● WHAT YOU NEED TO DO
All of the data must be retyped exactly, with nothing left out.

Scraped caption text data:
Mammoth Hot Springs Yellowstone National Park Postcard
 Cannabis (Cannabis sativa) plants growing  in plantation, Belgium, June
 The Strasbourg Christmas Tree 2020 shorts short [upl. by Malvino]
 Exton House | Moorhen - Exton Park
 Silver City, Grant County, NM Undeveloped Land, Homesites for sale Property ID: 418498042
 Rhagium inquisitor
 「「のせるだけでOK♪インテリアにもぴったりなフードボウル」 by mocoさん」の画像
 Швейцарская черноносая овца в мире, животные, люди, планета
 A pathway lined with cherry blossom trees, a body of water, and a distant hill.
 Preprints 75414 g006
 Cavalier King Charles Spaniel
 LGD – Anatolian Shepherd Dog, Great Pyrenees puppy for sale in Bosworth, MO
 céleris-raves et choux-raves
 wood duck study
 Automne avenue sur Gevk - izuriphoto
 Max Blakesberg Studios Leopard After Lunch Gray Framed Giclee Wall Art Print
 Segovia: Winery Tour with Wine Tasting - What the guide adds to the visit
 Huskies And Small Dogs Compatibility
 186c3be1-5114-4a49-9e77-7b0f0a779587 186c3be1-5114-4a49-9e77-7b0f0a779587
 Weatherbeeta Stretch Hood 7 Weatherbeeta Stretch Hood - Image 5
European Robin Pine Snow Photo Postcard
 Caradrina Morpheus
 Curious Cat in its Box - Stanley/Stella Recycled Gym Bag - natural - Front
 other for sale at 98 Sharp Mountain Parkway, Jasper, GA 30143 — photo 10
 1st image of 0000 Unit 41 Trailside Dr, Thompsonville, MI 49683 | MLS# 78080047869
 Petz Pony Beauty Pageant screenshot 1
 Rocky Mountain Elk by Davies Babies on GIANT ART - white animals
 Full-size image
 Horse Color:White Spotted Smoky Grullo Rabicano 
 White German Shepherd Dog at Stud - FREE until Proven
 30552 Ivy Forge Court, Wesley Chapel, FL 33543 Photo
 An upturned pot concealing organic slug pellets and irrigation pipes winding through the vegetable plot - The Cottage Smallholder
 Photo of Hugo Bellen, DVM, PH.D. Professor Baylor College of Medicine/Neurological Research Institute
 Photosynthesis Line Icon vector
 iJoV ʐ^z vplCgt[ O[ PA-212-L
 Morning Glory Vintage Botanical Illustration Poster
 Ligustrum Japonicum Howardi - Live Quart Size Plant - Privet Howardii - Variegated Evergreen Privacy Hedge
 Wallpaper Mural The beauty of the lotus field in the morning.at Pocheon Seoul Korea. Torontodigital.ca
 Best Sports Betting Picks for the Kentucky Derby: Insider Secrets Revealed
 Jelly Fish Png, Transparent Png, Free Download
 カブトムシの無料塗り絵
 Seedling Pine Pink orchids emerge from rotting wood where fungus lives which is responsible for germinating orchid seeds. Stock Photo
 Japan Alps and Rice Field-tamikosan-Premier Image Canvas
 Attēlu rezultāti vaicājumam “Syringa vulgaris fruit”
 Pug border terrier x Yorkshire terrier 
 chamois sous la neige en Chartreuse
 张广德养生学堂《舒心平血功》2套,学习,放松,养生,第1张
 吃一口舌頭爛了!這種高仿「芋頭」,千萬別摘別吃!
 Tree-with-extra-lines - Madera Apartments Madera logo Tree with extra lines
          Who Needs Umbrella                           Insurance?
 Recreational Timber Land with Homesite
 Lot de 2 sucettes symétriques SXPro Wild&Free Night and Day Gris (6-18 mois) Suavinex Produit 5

● COMPLETED TASK
Mammoth Hot Springs Yellowstone National Park Postcard
 Cannabis (Cannabis sativa) plants growing  in plantation, Belgium, June
 The Strasbourg Christmas Tree 2020 shorts short [upl. by Malvino]
 Exton House | Moorhen - Exton Park
 Silver City, Grant County, NM Undeveloped Land, Homesites for sale Property ID: 418498042
 Rhagium inquisitor
 「「のせるだけでOK♪インテリアにもぴったりなフードボウル」 by mocoさん」の画像
 Швейцарская черноносая овца в мире, животные, люди, планета
 A pathway lined with cherry blossom trees, a body of water, and a distant hill.
 Preprints 75414 g006
 Cavalier King Charles Spaniel
 LGD – Anatolian Shepherd Dog, Great Pyrenees puppy for sale in Bosworth, MO
 céleris-raves et choux-raves
 wood duck study
 Automne avenue sur Gevk - izuriphoto
 Max Blakesberg Studios Leopard After Lunch Gray Framed Giclee Wall Art Print
 Segovia: Winery Tour with Wine Tasting - What the guide adds to the visit
 Huskies And Small Dogs Compatibility
 186c3be1-5114-4a49-9e77-7b0f0a779587 186c3be1-5114-4a49-9e77-7b0f0a779587
 Weatherbeeta Stretch Hood 7 Weatherbeeta Stretch Hood - Image 5
European Robin Pine Snow Photo Postcard
 Caradrina Morpheus
 Curious Cat in its Box - Stanley/Stella Recycled Gym Bag - natural - Front
 other for sale at 98 Sharp Mountain Parkway, Jasper, GA 30143 — photo 10
 1st image of 0000 Unit 41 Trailside Dr, Thompsonville, MI 49683 | MLS# 78080047869
 Petz Pony Beauty Pageant screenshot 1
 Rocky Mountain Elk by Davies Babies on GIANT ART - white animals
 Full-size image
 Horse Color:White Spotted Smoky Grullo Rabicano 
 White German Shepherd Dog at Stud - FREE until Proven
 30552 Ivy Forge Court, Wesley Chapel, FL 33543 Photo
 An upturned pot concealing organic slug pellets and irrigation pipes winding through the vegetable plot - The Cottage Smallholder
 Photo of Hugo Bellen, DVM, PH.D. Professor Baylor College of Medicine/Neurological Research Institute
 Photosynthesis Line Icon vector
 iJoV ʐ^z vplCgt[ O[ PA-212-L
 Morning Glory Vintage Botanical Illustration Poster
 Ligustrum Japonicum Howardi - Live Quart Size Plant - Privet Howardii - Variegated Evergreen Privacy Hedge
 Wallpaper Mural The beauty of the lotus field in the morning.at Pocheon Seoul Korea. Torontodigital.ca
 Best Sports Betting Picks for the Kentucky Derby: Insider Secrets Revealed
 Jelly Fish Png, Transparent Png, Free Download
 カブトムシの無料塗り絵
 Seedling Pine Pink orchids emerge from rotting wood where fungus lives which is responsible for germinating orchid seeds. Stock Photo
 Japan Alps and Rice Field-tamikosan-Premier Image Canvas
 Attēlu rezultāti vaicājumam “Syringa vulgaris fruit”
 Pug border terrier x Yorkshire terrier 
 chamois sous la neige en Chartreuse
 张广德养生学堂《舒心平血功》2套,学习,放松,养生,第1张
 吃一口舌頭爛了!這種高仿「芋頭」,千萬別摘別吃!
 Tree-with-extra-lines - Madera Apartments Madera logo Tree with extra lines
          Who Needs Umbrella                           Insurance?
 Recreational Timber Land with Homesite
 Lot de 2 sucettes symétriques SXPro Wild&Free Night and Day Gris (6-18 mois) Suavinex Produit 5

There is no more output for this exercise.